Adjunctive canadian Divalproex Sodium Lowers Cholesterol Elevation with Olanzapine generic

Author: Daniel E. Casey, MD, Department of Psychiatry, Oregon Health Sciences University, Portland, Oregon

Cardiovascular disease is a major cause of morbidity and mortality in patients with schizophrenia. Every 1% increase in total cholesterol levels results in a 2% increase in the risk of coronary artery disease.

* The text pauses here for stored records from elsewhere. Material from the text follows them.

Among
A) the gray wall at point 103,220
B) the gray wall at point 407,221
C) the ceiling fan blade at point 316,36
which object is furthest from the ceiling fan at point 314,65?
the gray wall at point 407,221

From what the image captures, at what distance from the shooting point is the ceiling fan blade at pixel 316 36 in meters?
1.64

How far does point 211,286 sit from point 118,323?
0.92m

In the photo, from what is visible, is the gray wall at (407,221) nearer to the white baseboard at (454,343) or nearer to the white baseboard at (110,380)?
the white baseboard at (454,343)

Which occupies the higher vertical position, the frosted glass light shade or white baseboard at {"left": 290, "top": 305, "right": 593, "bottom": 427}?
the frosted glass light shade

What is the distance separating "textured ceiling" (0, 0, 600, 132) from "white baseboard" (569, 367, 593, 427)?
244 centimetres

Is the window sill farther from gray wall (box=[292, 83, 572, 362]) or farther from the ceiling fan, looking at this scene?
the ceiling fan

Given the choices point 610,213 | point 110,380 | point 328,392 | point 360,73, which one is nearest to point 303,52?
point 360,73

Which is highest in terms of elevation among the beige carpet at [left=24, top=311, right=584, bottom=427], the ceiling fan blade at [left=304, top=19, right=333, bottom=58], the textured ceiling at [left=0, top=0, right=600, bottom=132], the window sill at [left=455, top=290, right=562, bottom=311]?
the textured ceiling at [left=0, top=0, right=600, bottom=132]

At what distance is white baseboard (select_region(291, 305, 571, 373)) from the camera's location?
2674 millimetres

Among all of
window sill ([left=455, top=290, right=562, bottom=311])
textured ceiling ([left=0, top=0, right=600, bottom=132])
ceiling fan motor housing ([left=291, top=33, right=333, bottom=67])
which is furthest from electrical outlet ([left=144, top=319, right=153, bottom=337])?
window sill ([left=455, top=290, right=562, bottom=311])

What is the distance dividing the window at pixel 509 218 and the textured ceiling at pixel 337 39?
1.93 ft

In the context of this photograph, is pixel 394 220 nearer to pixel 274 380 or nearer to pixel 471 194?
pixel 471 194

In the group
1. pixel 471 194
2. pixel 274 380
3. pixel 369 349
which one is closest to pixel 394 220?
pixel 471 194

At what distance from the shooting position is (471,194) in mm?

The number of patients taking combination therapy with atypical antipsychotic agents and divalproex sodium (DVPX) (Depakote tablet, Abbott) is increasing. Some antipsychotic agents are known to have an adverse effect on weight, serum lipids, and glucose. Preliminary data from patients with bipolar disorder and epilepsy suggest that DVPX lowers cholesterol levels. Limited animal studies suggest that valproic acid modifies cholesterol metabolism by enhancing hepatic peroxisomal beta oxidation and by reducing sterol synthesis from lactate or from 3-hydroxybutyrate. However, a systematic evaluation of cholesterol status has not been conducted in schizophrenic patients receiving antipsychotic agents in combination with DVPX.

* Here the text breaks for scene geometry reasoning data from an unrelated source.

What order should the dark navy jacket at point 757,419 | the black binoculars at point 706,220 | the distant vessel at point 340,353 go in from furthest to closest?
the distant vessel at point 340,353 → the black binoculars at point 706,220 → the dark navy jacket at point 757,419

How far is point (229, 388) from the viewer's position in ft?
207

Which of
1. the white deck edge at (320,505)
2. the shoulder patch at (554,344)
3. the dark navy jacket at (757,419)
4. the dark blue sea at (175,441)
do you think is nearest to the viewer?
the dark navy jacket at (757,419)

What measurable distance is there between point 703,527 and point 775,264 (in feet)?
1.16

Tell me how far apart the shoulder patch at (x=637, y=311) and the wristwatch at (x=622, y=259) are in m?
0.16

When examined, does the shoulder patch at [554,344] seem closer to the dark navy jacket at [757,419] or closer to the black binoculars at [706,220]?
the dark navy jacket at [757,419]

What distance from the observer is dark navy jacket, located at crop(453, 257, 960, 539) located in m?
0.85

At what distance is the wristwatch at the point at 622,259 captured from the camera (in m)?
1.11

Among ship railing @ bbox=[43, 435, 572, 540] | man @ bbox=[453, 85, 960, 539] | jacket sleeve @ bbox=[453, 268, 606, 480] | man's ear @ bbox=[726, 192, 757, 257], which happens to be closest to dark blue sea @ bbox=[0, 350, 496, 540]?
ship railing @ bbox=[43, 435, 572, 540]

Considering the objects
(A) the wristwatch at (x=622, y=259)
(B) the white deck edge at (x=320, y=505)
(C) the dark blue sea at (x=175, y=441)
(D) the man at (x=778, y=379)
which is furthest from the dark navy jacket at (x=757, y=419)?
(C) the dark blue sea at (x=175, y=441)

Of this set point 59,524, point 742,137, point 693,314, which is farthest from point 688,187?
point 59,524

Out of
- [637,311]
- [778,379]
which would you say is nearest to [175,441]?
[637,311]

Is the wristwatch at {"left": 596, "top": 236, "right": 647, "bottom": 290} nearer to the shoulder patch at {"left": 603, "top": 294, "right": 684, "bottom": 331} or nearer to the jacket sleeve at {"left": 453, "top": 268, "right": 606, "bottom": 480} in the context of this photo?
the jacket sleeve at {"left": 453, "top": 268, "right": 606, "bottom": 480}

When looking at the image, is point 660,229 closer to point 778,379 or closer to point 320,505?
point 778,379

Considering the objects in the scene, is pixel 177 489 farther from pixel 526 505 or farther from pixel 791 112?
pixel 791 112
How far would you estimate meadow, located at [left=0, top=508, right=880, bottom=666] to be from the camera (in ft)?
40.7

Investigators conducted an analysis post hoc of 249 patients in a double-blind, randomized, multicenter trial of DVPX in combination with either olanzapine (OLZ) (Zyprexa medication, Eli Lilly) or canadian risperidone (RSP) (Risperdal generic, Janssen). Patients had been randomly assigned to take OLZ monotherapy (n = 65), RSP monotherapy (n = 60), or DVLP in combination with OLZ (n = 66) or RSP (n = 58). The mean age of the participants ranged from 38 to 40 years, and approximately 24% were women.

Mean doses of antipsychotic agents (days 6-28) were 15.0 mg/day for OLZ, 14.9 mg/day for DVPX + OLZ, 6.0 mg/day for RSP, and 6.0 mg/day for DVPX + RSP. The mean modal daily dose of DVPX (range, 500-3,500 mg/day) was 2,363 mg/day for DVPX + OLZ and 2,258 mg/day for DVPX + RSP. After four weeks, the total cholesterol increased from the baseline value by 26.62 mg/dl in the OLZ group, by 9.64 mg/dl in the RSP group, and by 0.87 mg/dl in the DVPX + OLZ group; it decreased by 13.44 mg/dl in the DVPX + RSP group.

The cholesterol levels of 56% of patients that had been in the normal range at baseline were shifted upward into the abnormal range after OLZ therapy. Adding DVPX cut this rate by about half. Approximately 28% of the cholesterol values in the RSP group became abnormal, and that figure was reduced by 5% with the addition of DVPX.

There were no correlations between baseline weight, body mass index, and total cholesterol changes. Increases in liver enzymes (serum alanine and aspartate transaminases, or AST and ALT) observed in the OLZ and RSP monotherapy groups were ameliorated with the addition of DVPX. There were no increases in the burden of side effects with the addition of DVPX, and there were fewer patient withdrawals from the study in the combination groups than in the monotherapy groups. canadian pharmacy

The investigators concluded that adding DVPX to OLZ or RSP therapy resulted in a decrease or in no change in total cholesterol levels. Further longer-term studies are under way.

Over the long-term, the 10% increase in total cholesterol observed at four weeks with OLZ represents a 20% to 30% increase in cardiovascular risk. The benefit of DVPX in preventing patients’ cholesterol values from being pushed up into the abnormal total range, combined with the improved antipsychotic efficacy of DVPX, is substantial. With combination treatment, it may be possible to reduce the typical length of a hospital stay for schizophrenic patients from 14 to seven days.